[Records contained in a dataset]
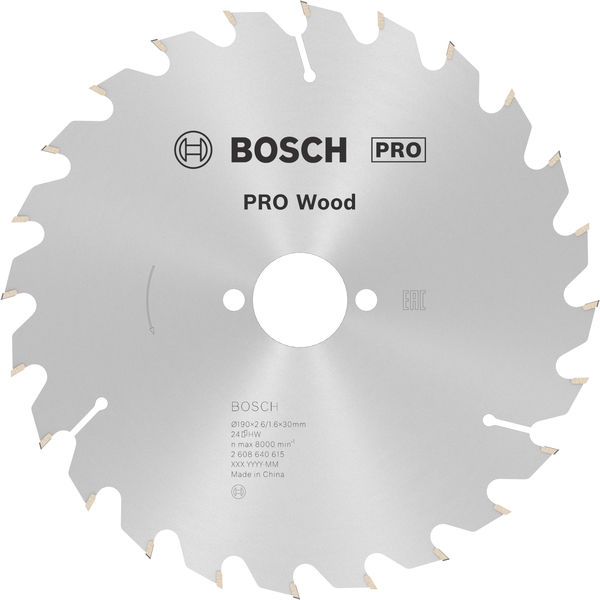 Bosch circular saw blade Optiline Wood 190x30x2.6mm 24 teeth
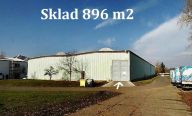 Skladov� hala 896 m2, vjezd + rampa TIR, izolovan�, �valy u Prahy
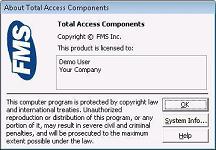 Professional About Box for your Microsoft Access database applications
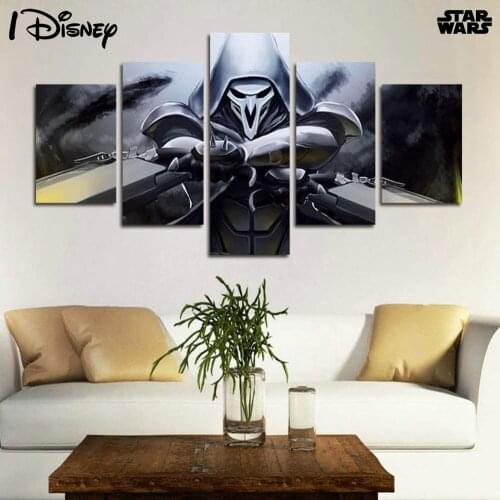 Star Wars Black Warrior Poster The Force Awakens Painting Canvas Print On Wall Art Picture For Kids Room Home Decor Frameless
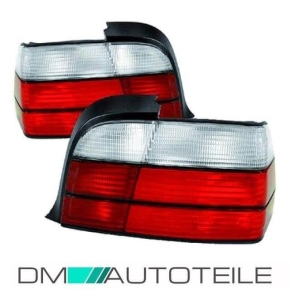 Rear Lights Set Red White M3 Design fits on BMW E36 Coupe Convertible Year 91-99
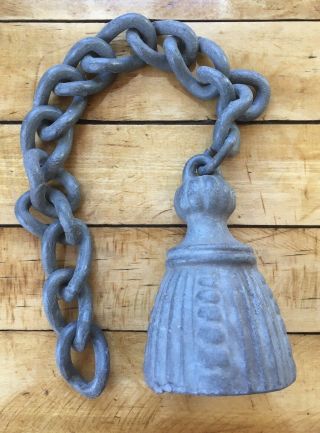 Antique Vintage Gate Weight Chain With Tassel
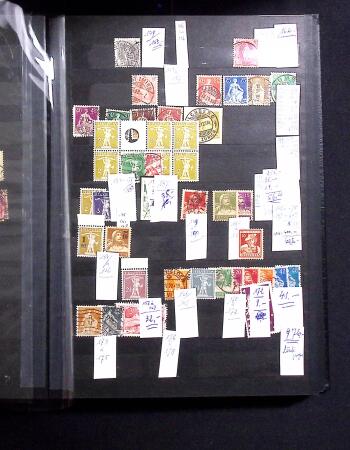 1854-2000, Small estate 8 stockbooks plus one box showing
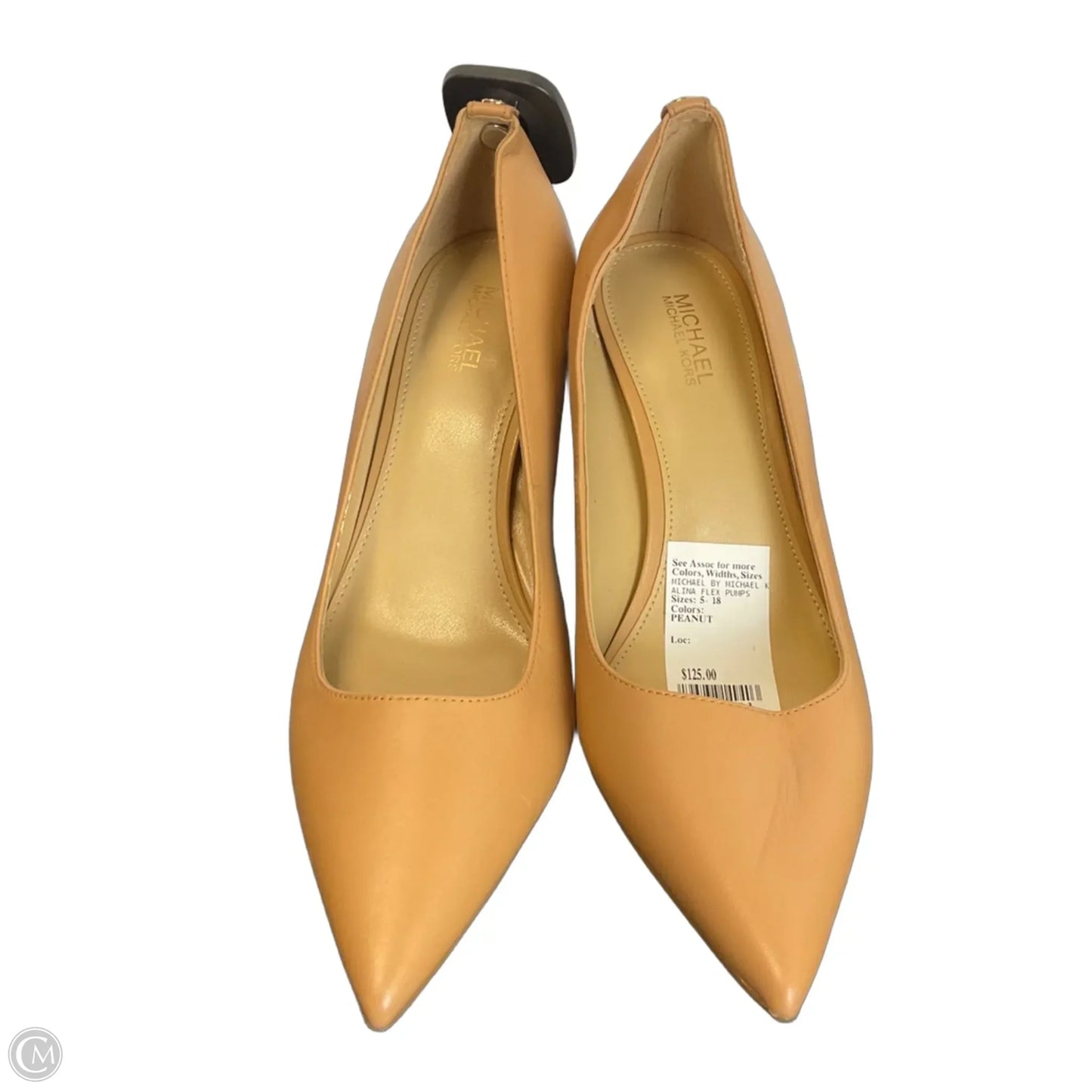 Shoes Designer By Michael Kors In Tan, Size: 7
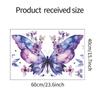 Ventilador Sunseeker Fun-E89 Dream Purple Butterfly Flower, pegatinas decorativas para pared de dormitorio y sala de estar, venta al por mayor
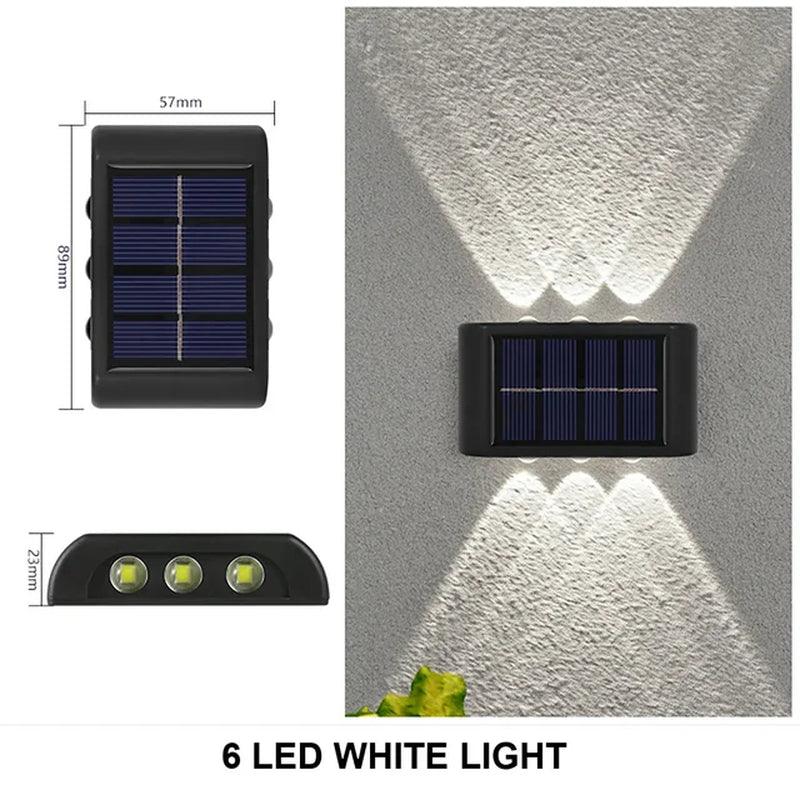 Outdoor Waterproof Solar Wall Lamp - District Goods
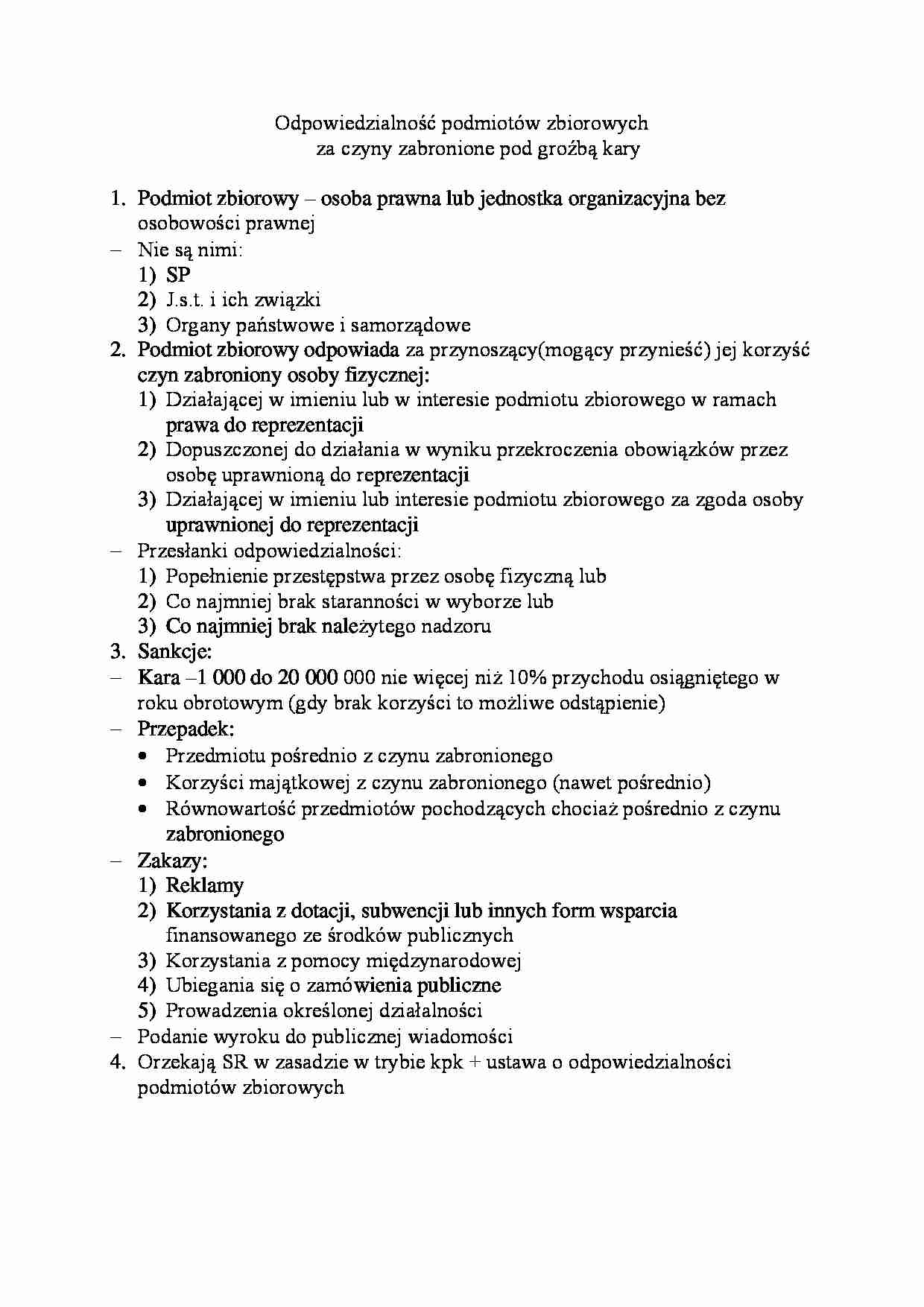 Odpowiedzialność podmiotów zbiorowych - strona 1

INSTRUCTIONS TO FOLLOW - Quote, please, only the lines running from the one with "Professional About Box" down to the final line of the data above, keeping both ends and skipping the pictures.

ANSWER SPACE -
 Professional About Box for your Microsoft Access database applications
 Star Wars Black Warrior Poster The Force Awakens Painting Canvas Print On Wall Art Picture For Kids Room Home Decor Frameless
 Rear Lights Set Red White M3 Design fits on BMW E36 Coupe Convertible Year 91-99
 Antique Vintage Gate Weight Chain With Tassel
 1854-2000, Small estate 8 stockbooks plus one box showing
 Shoes Designer By Michael Kors In Tan, Size: 7
 Ventilador Sunseeker Fun-E89 Dream Purple Butterfly Flower, pegatinas decorativas para pared de dormitorio y sala de estar, venta al por mayor
 Outdoor Waterproof Solar Wall Lamp - District Goods
 Odpowiedzialność podmiotów zbiorowych - strona 1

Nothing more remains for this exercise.